Quand le suicide est qualifié d’accident du travail par les juges espagnols : commentaire de la décision du Tribunal Supérieur de Justice de Catalogne du 30 mai 2001, par Marie Lécole

     Depuis une dizaine d’années on assiste, en France comme en Espagne, à une flexibilisation du concept d'accident du travail, les juges ayant aujourd'hui tendance à accepter de qualifier un suicide lié au travail d'accident du travail. Ceci répond aux réelles préoccupations de la société quant au stress et aux mauvaises conditions de travail, débat ayant pour origine le numéro croissant de suicides d’employés de grandes entreprises. Et dans ce domaine, la France détient les plus tristes records avec, on s'en souvient, l'affaire Renault ou bien encore l'affaire France Telecom, entreprise dont pas moins de 29 salariés se sont donné la mort durant le seul été 2009. Coïncidences? Probablement pas.

Ainsi, le 13 avril 2009, le Tribunal des affaires de Sécurité Sociale (TASS) de Tours a rendu un jugement estimant que le suicide d’un technicien employé d'une centrale nucléaire d’EDF était du à ses conditions de travail, ceci en reconnaissant la dépression l'ayant poussé au suicide comme maladie professionnelle. Exemple parmi d'autres, le 9 juin 2011, la Cour d'Appel de Versailles a reconnu comme accident du travail le suicide d'un technicien de l'entreprise Renault, conséquence d’un stress professionnel intense.

Quant à l'Espagne, elle n'est pas en reste, les juges espagnols ayant eux aussi passé le pas de la qualification d'accident du travail pour un suicide, la décision du Tribunal Supérieur de Justice de Catalogne que nous allons commenter a d'ailleurs été pionnière en la matière.

     Cette décision du Tribunal Supérieur de Justice de Catalogne en date du 30 mai 2001 est une des premières en Espagne à considérer le suicide d’un salarié comme un accident du travail.
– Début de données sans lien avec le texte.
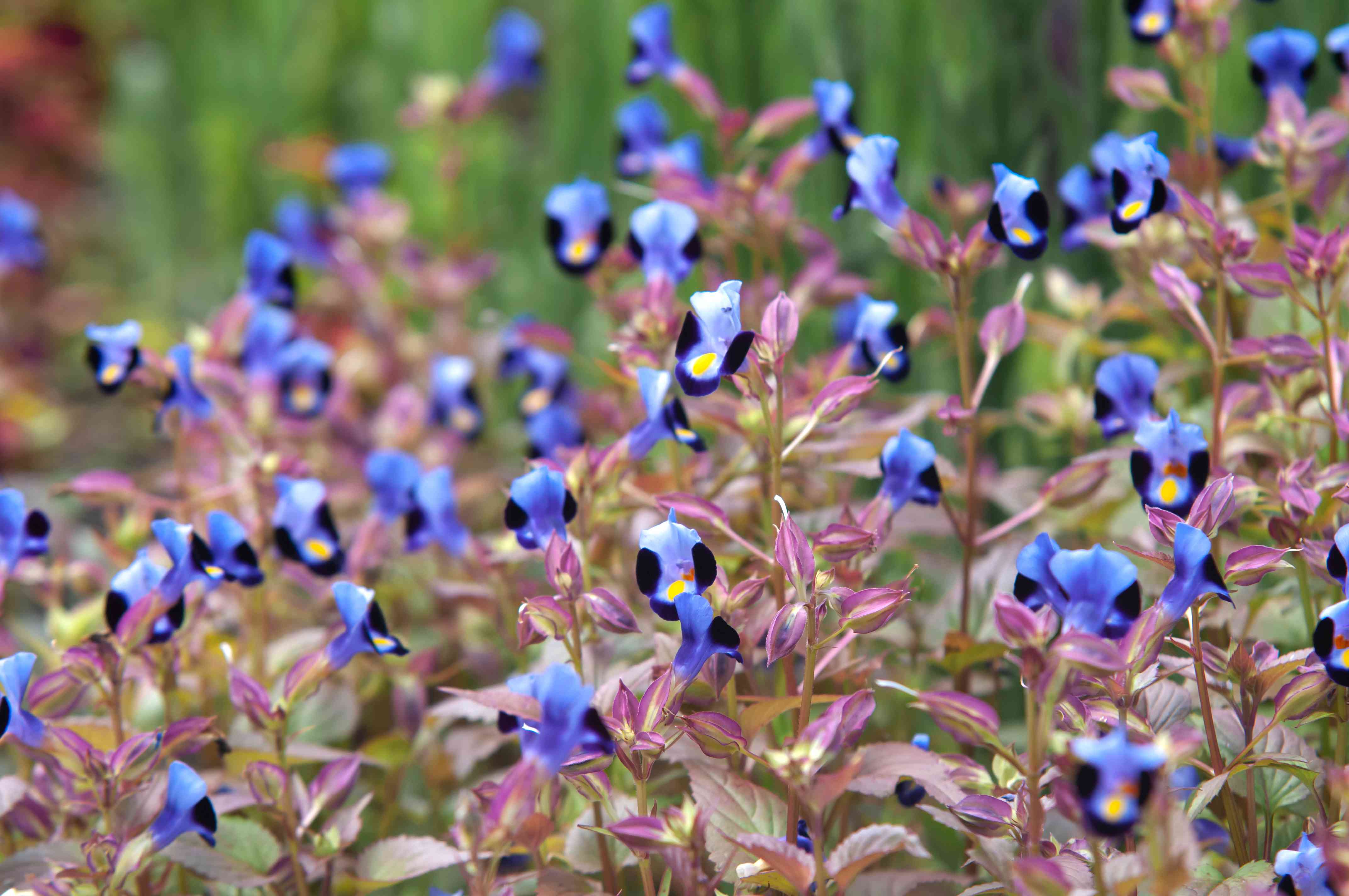 Torenia Wishbone Flower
Le principal problème rencontré ici étant celui de la qualification du suicide, acte qui a la particularité d’être volontaire. Alors, comment le qualifier " d'accident " ?

Confrontés à cette question, le Tribunal Espagnol a jugé bon de qualifier, non pas le suicide en lui-même, sinon la maladie - dépression - à l'origine du suicide. Reste ensuite à déterminer si cette maladie est qualifiable d'accident du travail, auquel cas le suicide l'est aussi indirectement.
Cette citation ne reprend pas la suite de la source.